Work to complete =>
From the data below, return the exact lines starting at the line containing "Tie dye shirt" and ending at the line containing "Silikon Premium Case", both included, and nothing else.

Record excerpts =>

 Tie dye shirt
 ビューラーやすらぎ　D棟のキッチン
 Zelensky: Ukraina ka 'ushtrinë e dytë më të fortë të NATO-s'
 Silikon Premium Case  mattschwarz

* * *

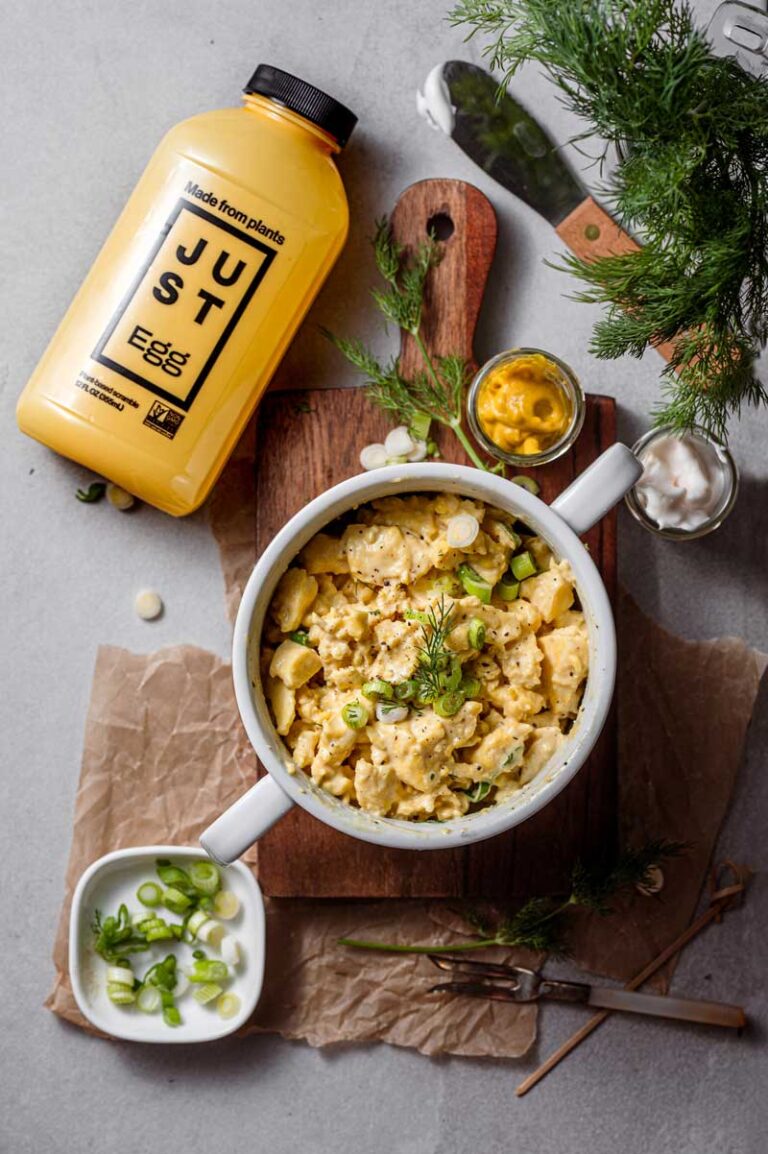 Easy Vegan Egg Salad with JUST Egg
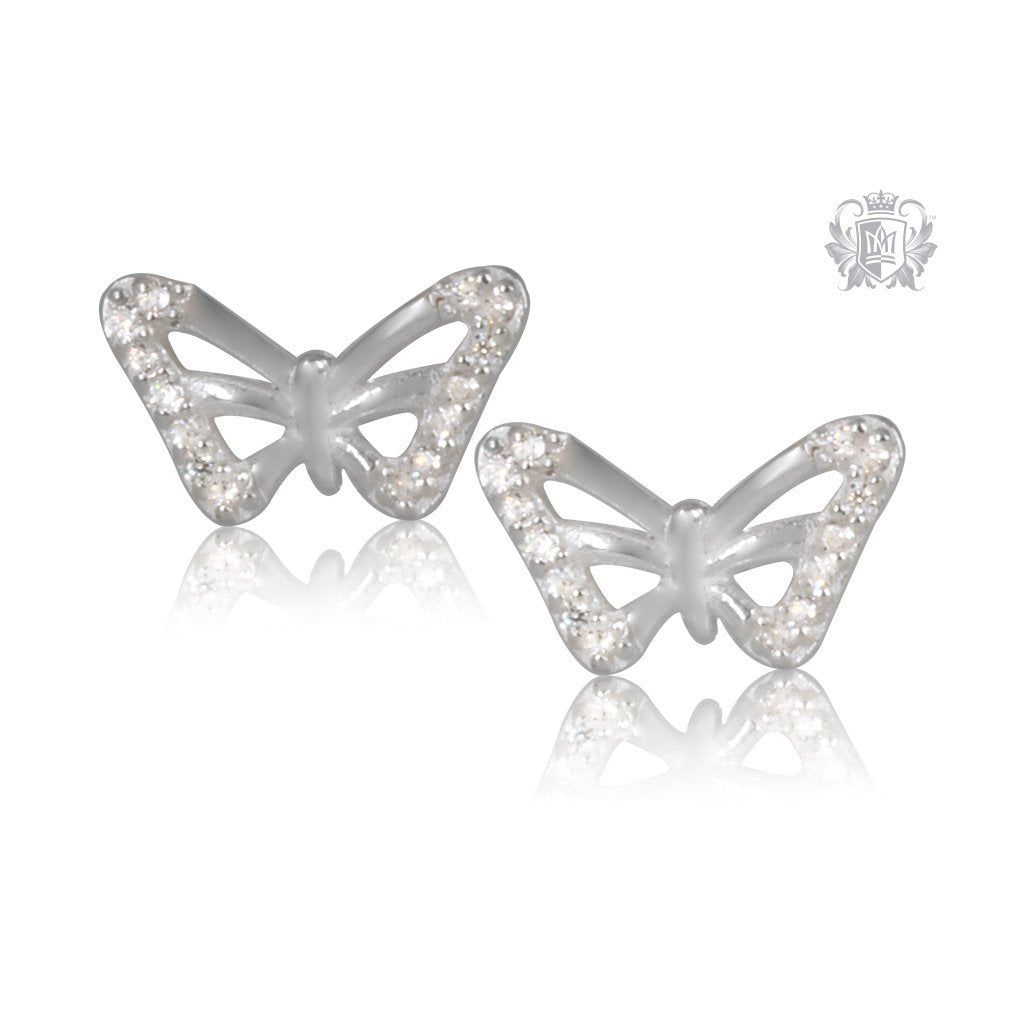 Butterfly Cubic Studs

Response =>
 Tie dye shirt
 ビューラーやすらぎ　D棟のキッチン
 Zelensky: Ukraina ka 'ushtrinë e dytë më të fortë të NATO-s'
 Silikon Premium Case  mattschwarz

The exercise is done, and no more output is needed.